**Stored records**
--- START ---
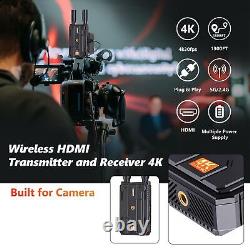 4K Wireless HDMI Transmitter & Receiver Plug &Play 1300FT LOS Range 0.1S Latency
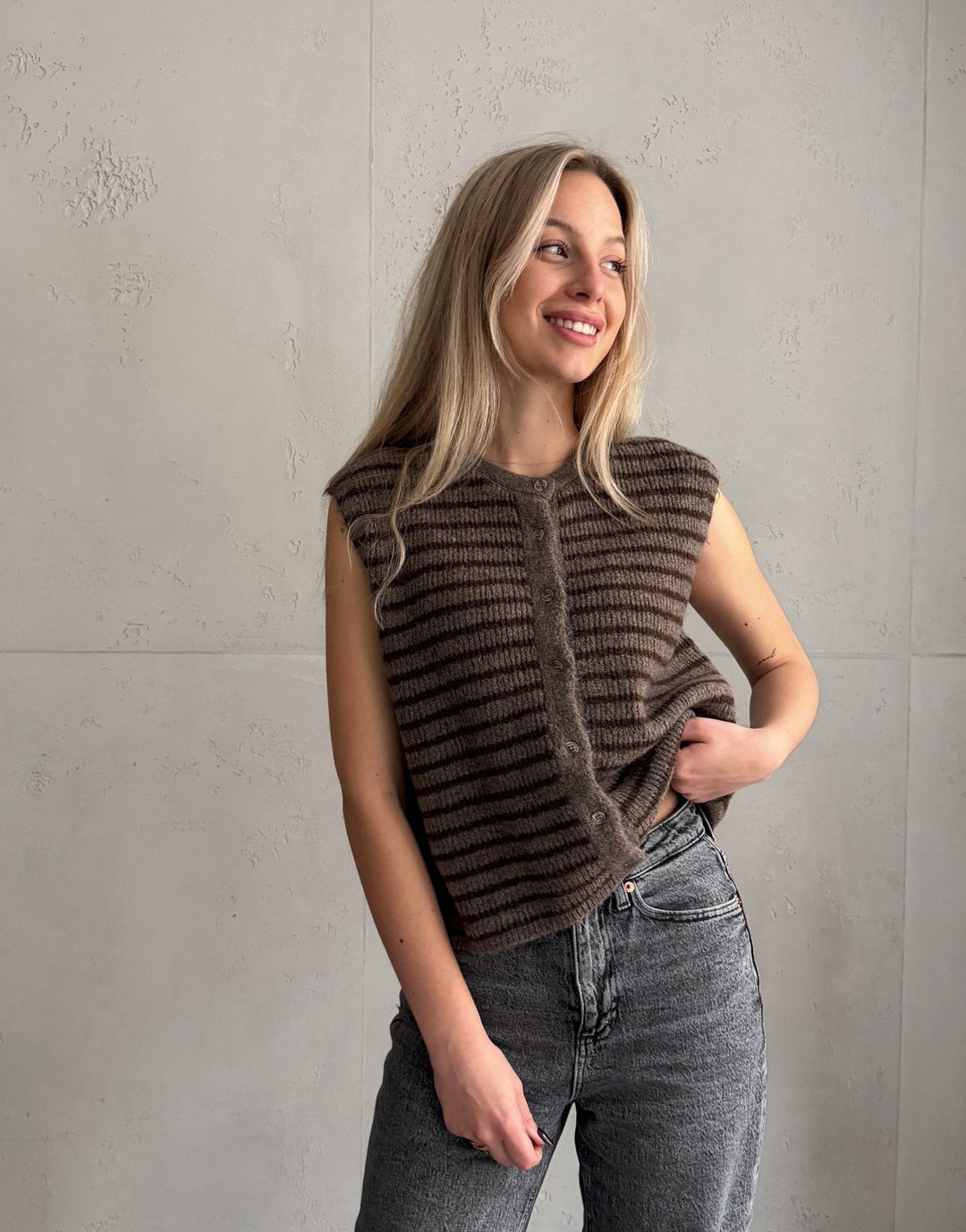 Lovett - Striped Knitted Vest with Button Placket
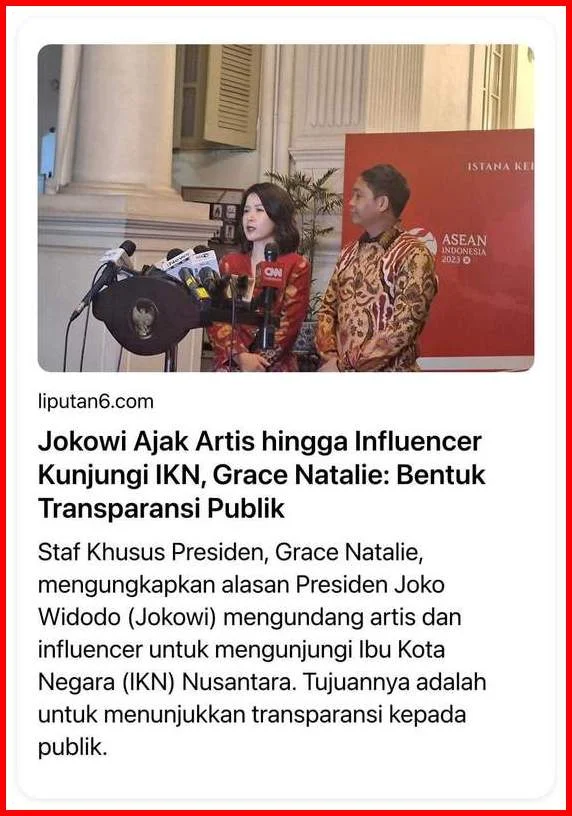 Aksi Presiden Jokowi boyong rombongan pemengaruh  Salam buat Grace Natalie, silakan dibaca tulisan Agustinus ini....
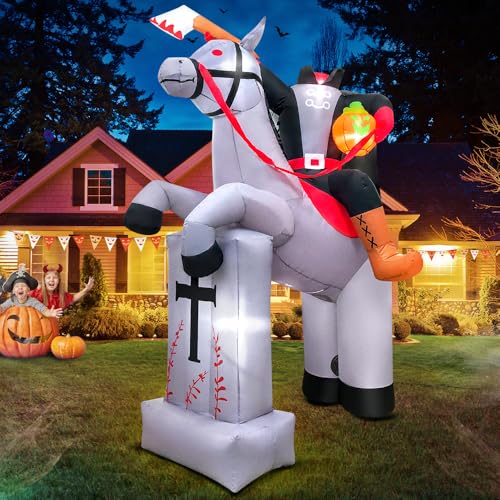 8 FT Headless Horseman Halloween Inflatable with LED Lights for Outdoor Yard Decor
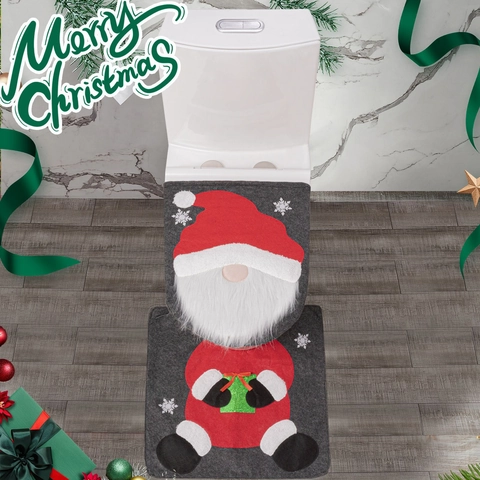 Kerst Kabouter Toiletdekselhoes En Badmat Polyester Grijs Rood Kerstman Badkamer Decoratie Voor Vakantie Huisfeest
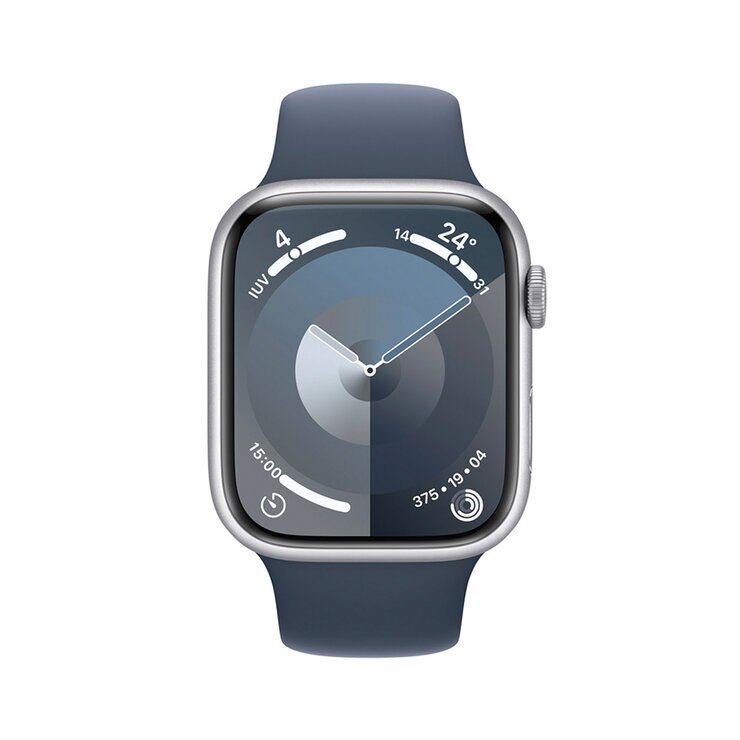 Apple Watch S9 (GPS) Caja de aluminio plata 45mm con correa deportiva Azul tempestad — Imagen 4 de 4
--- END ---
**REQUIRED ACTION**
Make an exact copy of the data above, pictures excluded.

**WRITTEN RESPONSE**
 4K Wireless HDMI Transmitter & Receiver Plug &Play 1300FT LOS Range 0.1S Latency
 Lovett - Striped Knitted Vest with Button Placket
 Aksi Presiden Jokowi boyong rombongan pemengaruh  Salam buat Grace Natalie, silakan dibaca tulisan Agustinus ini....
 8 FT Headless Horseman Halloween Inflatable with LED Lights for Outdoor Yard Decor
 Kerst Kabouter Toiletdekselhoes En Badmat Polyester Grijs Rood Kerstman Badkamer Decoratie Voor Vakantie Huisfeest
 Apple Watch S9 (GPS) Caja de aluminio plata 45mm con correa deportiva Azul tempestad — Imagen 4 de 4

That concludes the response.